COLLECTED DATA:
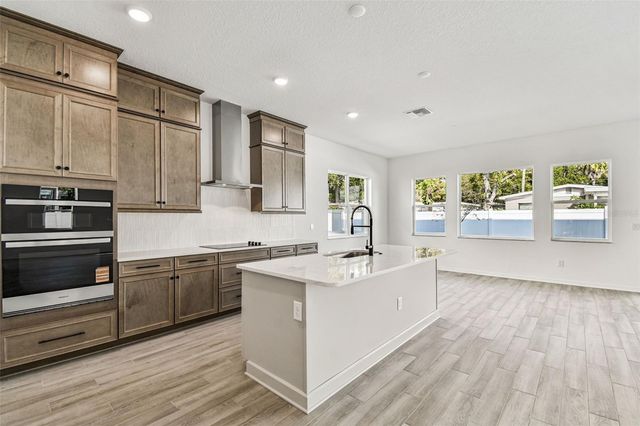 3111 W NASSAU STREET, Tampa, FL 33607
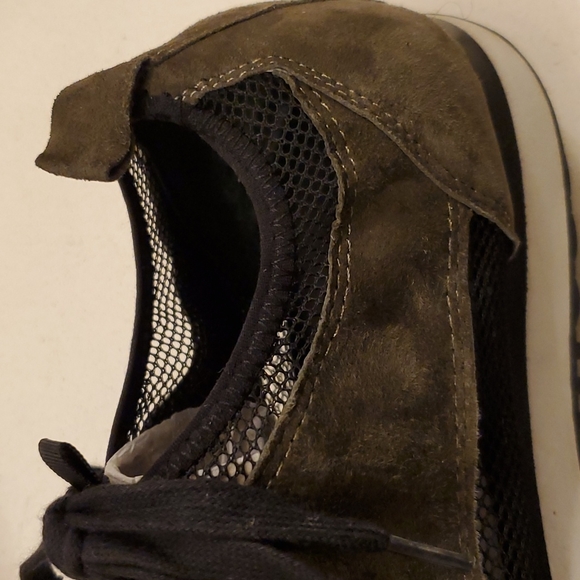 Steve Madden Altitude Olive Green Suede Mesh Sneaker sz 9.5M - Picture 4 of 10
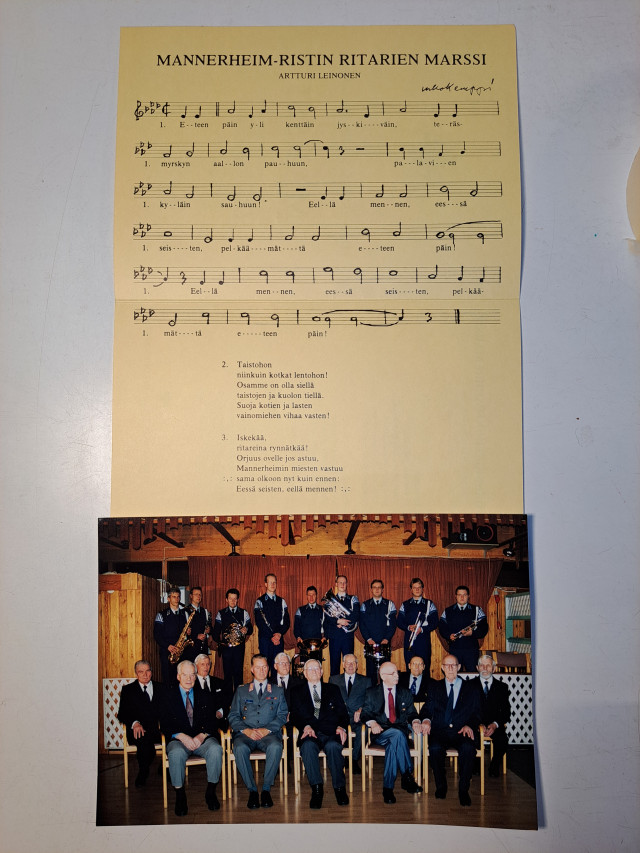 Kuva MANNERHEIM-RISTIN RITAREISTA sekä nimikirjoitukset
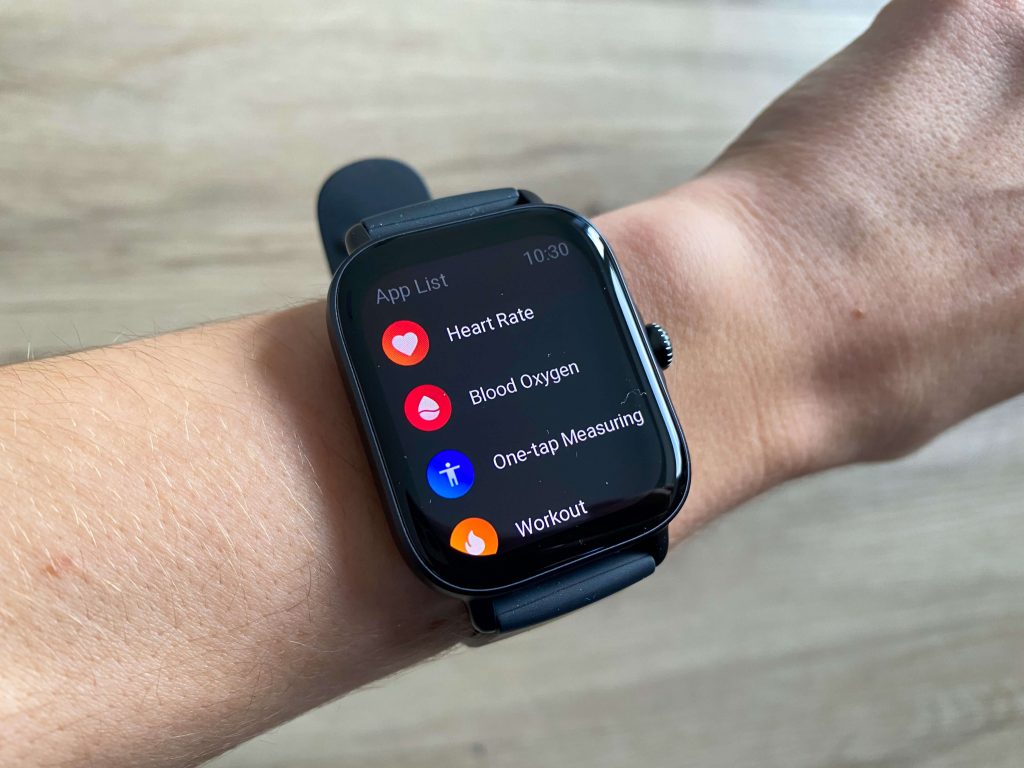 Menu główne jest przejrzyste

TASK TO CARRY OUT: Please write the material out again exactly as shown above, minus any pictures.

FINISHED EXERCISE:
 3111 W NASSAU STREET, Tampa, FL 33607
 Steve Madden Altitude Olive Green Suede Mesh Sneaker sz 9.5M - Picture 4 of 10
 Kuva MANNERHEIM-RISTIN RITAREISTA sekä nimikirjoitukset
 Menu główne jest przejrzyste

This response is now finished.